- **PROBLEM TO SOLVE**
Omit every picture. Return all other data as it stands.

- **EXTRACTED ENTRIES**
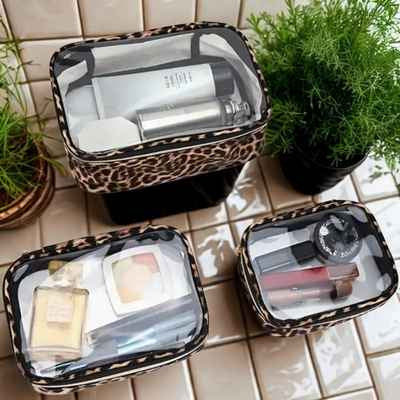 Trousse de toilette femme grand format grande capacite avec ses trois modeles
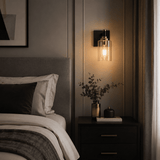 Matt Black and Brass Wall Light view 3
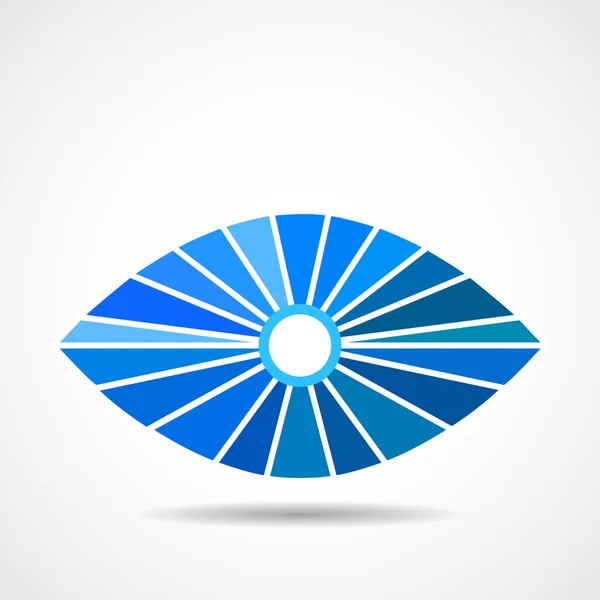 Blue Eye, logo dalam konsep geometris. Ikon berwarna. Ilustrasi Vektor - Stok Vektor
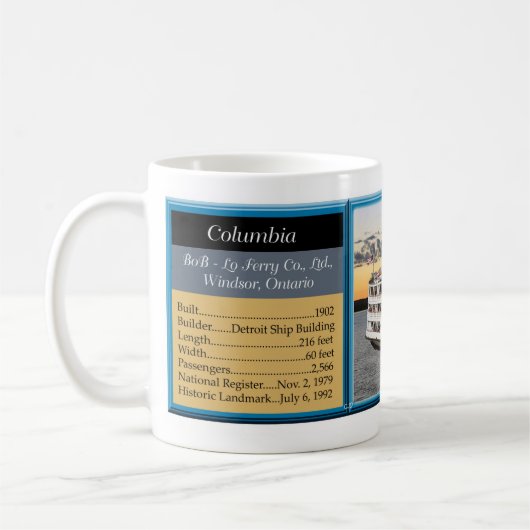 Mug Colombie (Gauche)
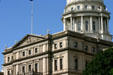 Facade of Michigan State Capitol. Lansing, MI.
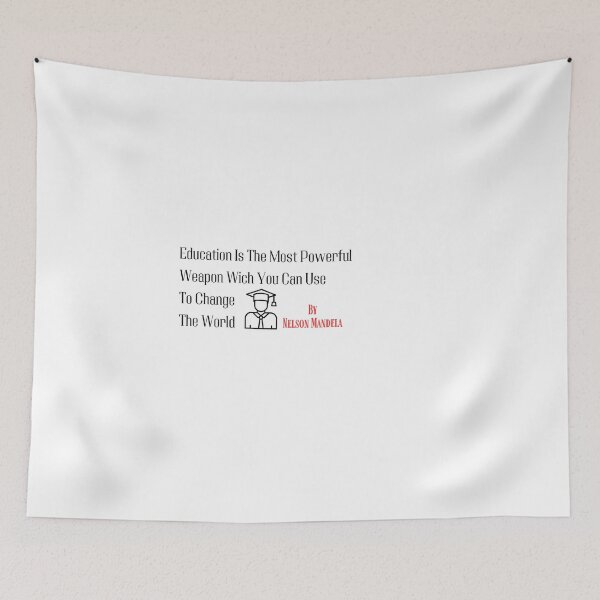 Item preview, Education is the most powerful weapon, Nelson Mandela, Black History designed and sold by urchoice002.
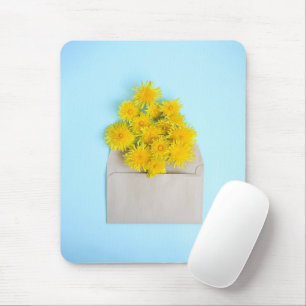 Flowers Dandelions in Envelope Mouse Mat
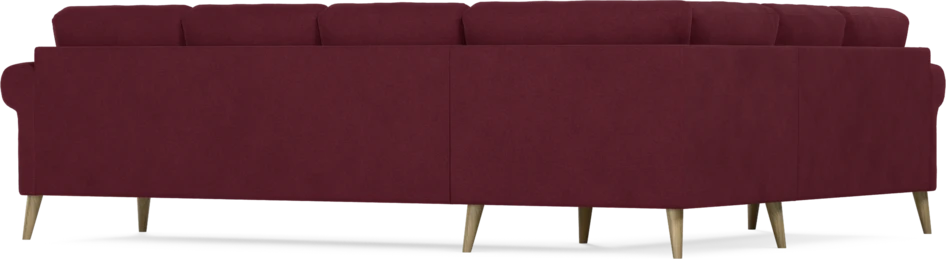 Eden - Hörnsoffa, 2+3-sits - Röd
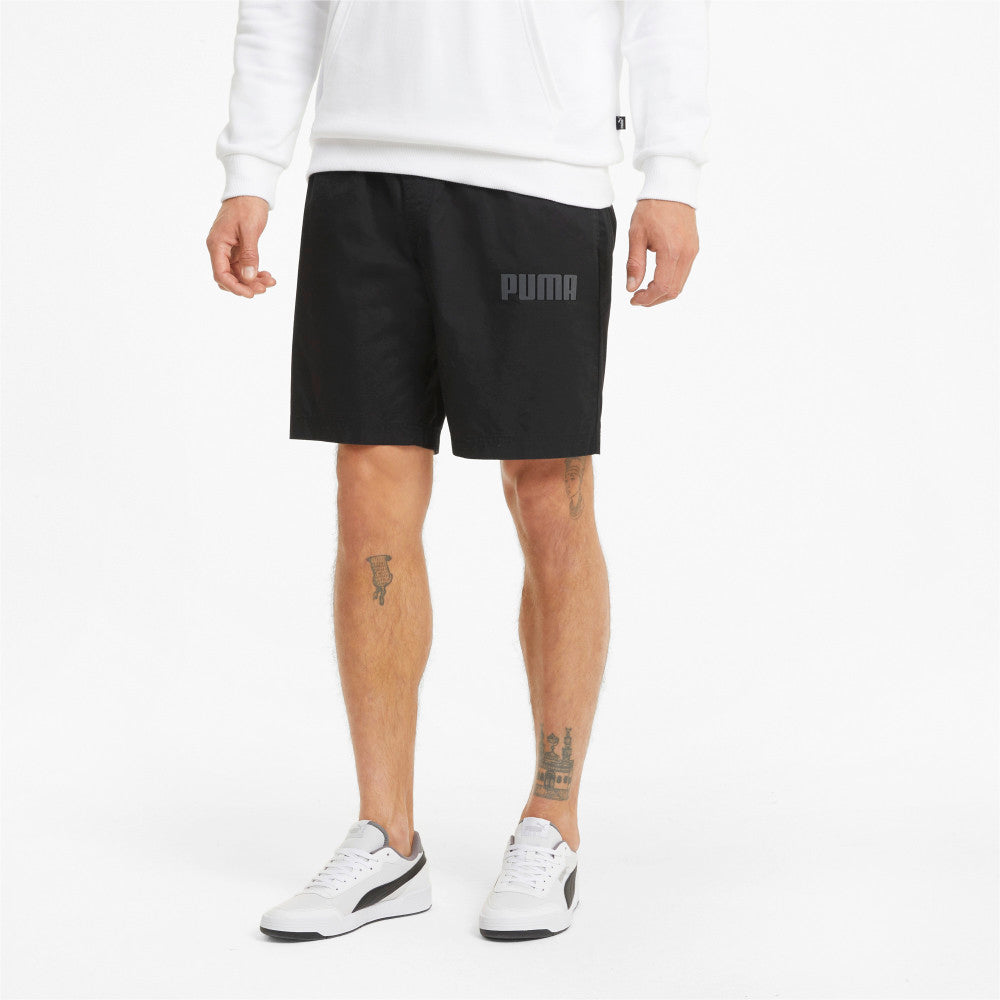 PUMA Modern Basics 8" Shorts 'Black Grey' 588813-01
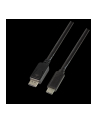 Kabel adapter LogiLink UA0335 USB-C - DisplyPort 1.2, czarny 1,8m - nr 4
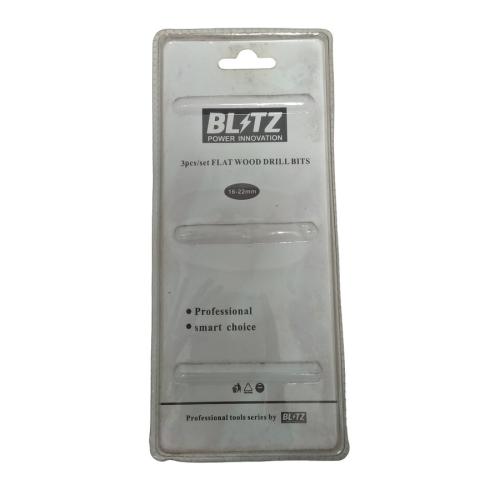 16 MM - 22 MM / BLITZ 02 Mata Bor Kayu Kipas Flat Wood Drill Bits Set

- **YOUR RESPONSE**
 Trousse de toilette femme grand format grande capacite avec ses trois modeles
 Matt Black and Brass Wall Light view 3
 Blue Eye, logo dalam konsep geometris. Ikon berwarna. Ilustrasi Vektor - Stok Vektor
 Mug Colombie (Gauche)
 Facade of Michigan State Capitol. Lansing, MI.
 Item preview, Education is the most powerful weapon, Nelson Mandela, Black History designed and sold by urchoice002.
 Flowers Dandelions in Envelope Mouse Mat
 Eden - Hörnsoffa, 2+3-sits - Röd
 PUMA Modern Basics 8" Shorts 'Black Grey' 588813-01
 Kabel adapter LogiLink UA0335 USB-C - DisplyPort 1.2, czarny 1,8m - nr 4
 16 MM - 22 MM / BLITZ 02 Mata Bor Kayu Kipas Flat Wood Drill Bits Set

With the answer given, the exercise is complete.